Les mutations européennes
À l’inverse des États-Unis, l’Europe repose toujours à 75 % sur le financement bancaire, selon les données de la Fédération bancaire européenne. Les marchés privés y représentent encore une part relativement modeste du financement des entreprises – moins de 5 % du PIB selon M&G – ce qui freine leur développement à grande échelle.
Mais les choses évoluent. Emmanuel Deblanc, CIO marchés privés chez M&G, note que les clients institutionnels européens, y compris les banques privées, expriment une appétence croissante pour les actifs illiquides européens.
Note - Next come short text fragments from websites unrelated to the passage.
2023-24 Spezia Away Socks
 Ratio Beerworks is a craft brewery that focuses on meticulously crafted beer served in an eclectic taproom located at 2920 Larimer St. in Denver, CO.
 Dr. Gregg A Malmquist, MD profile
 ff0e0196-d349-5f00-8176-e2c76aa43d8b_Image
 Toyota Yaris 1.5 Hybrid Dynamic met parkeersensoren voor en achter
Ce signal, bien que naissant, traduit une volonté de réallocation stratégique vers des véhicules capables de générer du rendement net d’inflation, dans un environnement où les taux réels peinent à se stabiliser.
Le principal frein reste la fragmentation réglementaire, linguistique et juridique du marché européen. Contrairement aux États-Unis, où le droit du Delaware et un marché des capitaux unique créent des économies d’échelle, l’Europe doit encore harmoniser ses régulations (MiFID, SFDR, PRIIP) pour fluidifier l’accès des entreprises au crédit privé. M&G insiste néanmoins sur l’opportunité de long terme qu’offre ce marché « sous-développé », notamment dans des secteurs en croissance comme les infrastructures vertes, la technologie appliquée à l’industrie et les services de transition énergétique.
D’après la société d’analyse PitchBook, les levées de fonds en capital-investissement en Europe ont atteint environ 175 milliards d’euros en 2024, un volume soutenu malgré un contexte de resserrement monétaire. Cela traduit l’émergence d’un écosystème plus mature, notamment dans des centres financiers comme Paris, Amsterdam ou Milan. Cette tendance est confirmée par la demande croissante observée sur le terrain. « Depuis quelques trimestres, les banques privées et family offices européens augmentent leur exposition aux classes d’actifs européennes, y compris sur les segments alternatifs », précise Emmanuel Deblanc.
Repositionnement stratégique
Dans ce contexte, les allocataires d’actifs doivent arbitrer entre la souplesse du marché américain – mais avec un risque accru lié à la transparence et à la liquidité des actifs privés – et la stabilité institutionnelle du marché européen, encore embryonnaire, mais potentiellement plus résilient.
Fabiana Fedeli, CIO Actions chez M&G, rappelle que sur les marchés privés, le biais historique des investisseurs vers les actions américaines est de plus en plus remis en question : « Les valorisations américaines sont élevées, avec un ratio cours/bénéfices moyen supérieur à 19, tandis que l’Europe reste autour de 13,5. Cette décote historique devient difficile à justifier, surtout en période de ralentissement macroéconomique. » Elle précise également que de nombreuses entreprises européennes adoptent massivement l’IA, notamment dans la chaîne de valeur industrielle, ce qui crée un terreau fertile pour les investisseurs alternatifs à la recherche de deal flow qualifié.
Enfin, le facteur politique pèse lourd dans la balance. La dégringolade de la note de crédit des États-Unis en 2024 (AA+ selon Fitch), les tensions commerciales et l’approche isolationniste croissante de Washington ont brouillé les cartes. « Nous sommes entrés dans une ère où les décisions politiques ne sont plus guidées par des considérations économiques rationnelles. Cela perturbe les équilibres d’investissement mondiaux », résume Andrew Chorlton. Emmanuel Deblanc va même plus loin : « La certitude de la stabilité américaine a disparu. Nous sommes dans un monde post-PG. », une allusion ironique à la notation de films (parental guidance) pour décrire le flou dans lequel naviguent aujourd’hui les investisseurs.